Belgium publishes legislation on Mandatory Disclosure Rules

Executive summary

On 12 December 2019, the Belgian Parliament adopted legislation implementing the European Union (EU) Directive on the mandatory disclosure and exchange of cross-border tax arrangements (referred to as DAC6 or the Directive). Under DAC6, taxpayers and intermediaries are required to report cross-border reportable arrangements from 1 July 2020. However, reports will retrospectively cover arrangements where the first step is implemented between 25 June 2018 and 1 July 2020.1

The Belgian legislation, which was published in the Belgian Official Gazette on 30 December 2019, will enter into force and be effective on 1 July 2020.

The final Belgian Mandatory Disclosure Rules (MDR) legislation is broadly aligned to the requirements of the Directive and its text is the same as the draft Belgian legislation issued on 26 November 2019 as discussed in EY Global Tax Alert, Belgium publishes draft proposal on Mandatory Disclosure Rules, dated 17 December 2019.

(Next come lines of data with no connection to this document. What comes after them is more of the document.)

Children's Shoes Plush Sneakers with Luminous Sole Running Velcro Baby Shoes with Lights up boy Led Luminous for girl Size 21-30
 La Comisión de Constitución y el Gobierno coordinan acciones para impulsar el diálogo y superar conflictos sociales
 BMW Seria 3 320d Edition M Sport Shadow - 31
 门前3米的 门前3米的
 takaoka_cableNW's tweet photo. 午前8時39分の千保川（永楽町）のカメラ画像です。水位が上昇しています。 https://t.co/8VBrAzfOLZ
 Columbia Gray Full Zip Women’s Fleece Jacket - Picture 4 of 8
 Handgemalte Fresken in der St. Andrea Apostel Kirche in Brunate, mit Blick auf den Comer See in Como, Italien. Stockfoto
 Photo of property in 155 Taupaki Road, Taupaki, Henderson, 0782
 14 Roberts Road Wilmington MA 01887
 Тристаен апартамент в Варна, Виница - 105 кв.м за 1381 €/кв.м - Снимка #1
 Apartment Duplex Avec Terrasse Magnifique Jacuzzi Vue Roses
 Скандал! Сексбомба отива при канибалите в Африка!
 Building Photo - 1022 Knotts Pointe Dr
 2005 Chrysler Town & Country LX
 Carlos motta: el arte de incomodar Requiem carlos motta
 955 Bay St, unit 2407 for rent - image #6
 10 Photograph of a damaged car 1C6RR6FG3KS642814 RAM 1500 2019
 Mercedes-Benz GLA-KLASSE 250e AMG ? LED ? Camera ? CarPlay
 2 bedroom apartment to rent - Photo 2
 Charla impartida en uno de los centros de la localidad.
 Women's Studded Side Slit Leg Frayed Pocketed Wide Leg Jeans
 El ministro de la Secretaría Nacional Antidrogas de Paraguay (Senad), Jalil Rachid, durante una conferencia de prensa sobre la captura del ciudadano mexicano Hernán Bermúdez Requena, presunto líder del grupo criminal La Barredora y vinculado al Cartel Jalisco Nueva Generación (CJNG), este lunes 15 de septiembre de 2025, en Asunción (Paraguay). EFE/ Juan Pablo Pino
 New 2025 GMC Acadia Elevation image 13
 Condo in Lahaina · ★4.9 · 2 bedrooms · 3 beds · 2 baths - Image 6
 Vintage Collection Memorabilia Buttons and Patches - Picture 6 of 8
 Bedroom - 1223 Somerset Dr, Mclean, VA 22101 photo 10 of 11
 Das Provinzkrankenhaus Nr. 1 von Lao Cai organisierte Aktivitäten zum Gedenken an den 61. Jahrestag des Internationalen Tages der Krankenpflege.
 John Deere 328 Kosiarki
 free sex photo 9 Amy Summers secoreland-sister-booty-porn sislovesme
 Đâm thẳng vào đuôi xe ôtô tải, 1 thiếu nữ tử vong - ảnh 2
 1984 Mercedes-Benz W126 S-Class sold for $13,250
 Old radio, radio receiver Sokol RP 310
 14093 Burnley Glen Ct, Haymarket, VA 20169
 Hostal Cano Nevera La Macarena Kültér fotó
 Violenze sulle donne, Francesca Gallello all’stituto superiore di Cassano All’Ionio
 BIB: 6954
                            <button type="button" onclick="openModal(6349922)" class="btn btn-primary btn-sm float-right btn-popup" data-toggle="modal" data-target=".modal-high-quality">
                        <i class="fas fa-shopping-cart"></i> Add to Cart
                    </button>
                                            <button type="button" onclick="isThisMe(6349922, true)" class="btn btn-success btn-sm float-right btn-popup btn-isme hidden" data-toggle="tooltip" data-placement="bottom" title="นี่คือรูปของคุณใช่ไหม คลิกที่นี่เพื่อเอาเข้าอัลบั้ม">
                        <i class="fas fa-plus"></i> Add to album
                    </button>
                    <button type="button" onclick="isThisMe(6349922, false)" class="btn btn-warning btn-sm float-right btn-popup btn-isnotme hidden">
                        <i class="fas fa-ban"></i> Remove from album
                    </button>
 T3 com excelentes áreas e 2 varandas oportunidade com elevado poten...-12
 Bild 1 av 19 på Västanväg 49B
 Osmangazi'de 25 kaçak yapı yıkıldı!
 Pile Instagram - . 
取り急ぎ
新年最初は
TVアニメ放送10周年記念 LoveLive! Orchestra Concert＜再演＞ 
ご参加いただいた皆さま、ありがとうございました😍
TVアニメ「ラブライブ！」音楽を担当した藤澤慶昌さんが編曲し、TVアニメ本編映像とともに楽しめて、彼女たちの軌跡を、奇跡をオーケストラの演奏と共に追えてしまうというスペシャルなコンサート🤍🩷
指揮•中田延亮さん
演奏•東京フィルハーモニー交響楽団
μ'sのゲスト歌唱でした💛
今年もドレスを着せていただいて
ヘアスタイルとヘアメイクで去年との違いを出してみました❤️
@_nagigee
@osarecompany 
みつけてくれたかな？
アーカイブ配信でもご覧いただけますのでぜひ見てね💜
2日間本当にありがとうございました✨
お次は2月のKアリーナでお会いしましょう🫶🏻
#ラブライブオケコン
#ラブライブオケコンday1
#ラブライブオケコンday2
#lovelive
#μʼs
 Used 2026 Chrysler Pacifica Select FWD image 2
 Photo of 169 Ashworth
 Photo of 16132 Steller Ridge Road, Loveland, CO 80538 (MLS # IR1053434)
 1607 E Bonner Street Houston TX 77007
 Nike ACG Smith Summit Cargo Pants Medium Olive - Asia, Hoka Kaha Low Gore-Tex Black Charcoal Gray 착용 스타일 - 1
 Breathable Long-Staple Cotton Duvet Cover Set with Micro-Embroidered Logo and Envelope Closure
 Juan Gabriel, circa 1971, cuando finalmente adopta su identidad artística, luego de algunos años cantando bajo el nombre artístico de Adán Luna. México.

The key highlights of the Belgian legislation are summarized below.

Key Highlights

  • The scope of the taxes covered under the Belgian legislation is fully aligned with the Directive and applies to all taxes except value-added tax, customs duties, excise duties and compulsory social security contributions.
  • The Belgian legislation defines a reportable cross-border arrangement exactly in line with the Directive. Namely an arrangement is reportable if:
    • The arrangement meets the definition of a cross-border arrangement; and
    • The arrangement meets at least one of the hallmarks A-E specified in Annex IV of the Directive.
  • The Belgian legislation does not cover domestic arrangements and does not include any hallmarks in addition to hallmarks A-E included in Annex IV of the Directive.
  • The description of the hallmarks included in the Belgian legislation follows the text of the hallmarks included in DAC6. Most elements of the hallmarks included in DAC6 are not expressly defined.
  • In accordance with DAC6, under the Belgian legislation, the main benefit test will be satisfied if it can be established that the main benefit or one of the main benefits which, having regard to all relevant facts and circumstances, a person may reasonably expect to derive from an arrangement, is the obtaining of a tax advantage.
  • The definition of an intermediary under the Belgian legislation is in line with the Directive.
  • The Belgian legislation exempts intermediaries from the obligation to report where the reporting obligation would breach legal professional privilege (LPP). The exemption for LPP is only expected to apply in limited cases, namely where the determination of the legal position of the relevant taxpayer is at stake (e.g., where an intermediary advises the taxpayer on the possible outcome and risks of starting legal proceedings), or where the relevant taxpayer is represented or defended in court. In addition, the LPP exemption can only apply if the intermediary advising on the determination of the legal position of the relevant taxpayer has taken no part in co-planning, designing or implementing the reportable arrangement. In addition, the LPP exemption can only be claimed if the relevant intermediary advising on the determination of the legal position of the relevant taxpayer has taken no part in co-planning, designing or implementing the reportable arrangement.
  • The LPP exemption can only be claimed if the relevant intermediary informs the other intermediaries or relevant taxpayer(s) of its LPP exemption and their obligations to report. The relevant taxpayer can, in writing, waive the LPP and allow the concerned intermediary to comply with his reporting duty.
  • The LPP exemption cannot be applied to obligations to report in respect of marketable arrangements.
  • The Belgian reporting deadlines are fully aligned with DAC6 which requires reporting to start from 1 July 2020 and exchanges between jurisdictions will start from 31 October 2020. However, reports will retroactively cover arrangements where the first step is implemented between 25 June 2018 and 1 July 2020.
  • Under the final Belgian legislation, failure to report or late reporting is expected to result in monetary penalties ranging between €5,000 and €50,000, and insufficient or incomplete reporting is expected to result in monetary penalties ranging between €1,250 and €12,500.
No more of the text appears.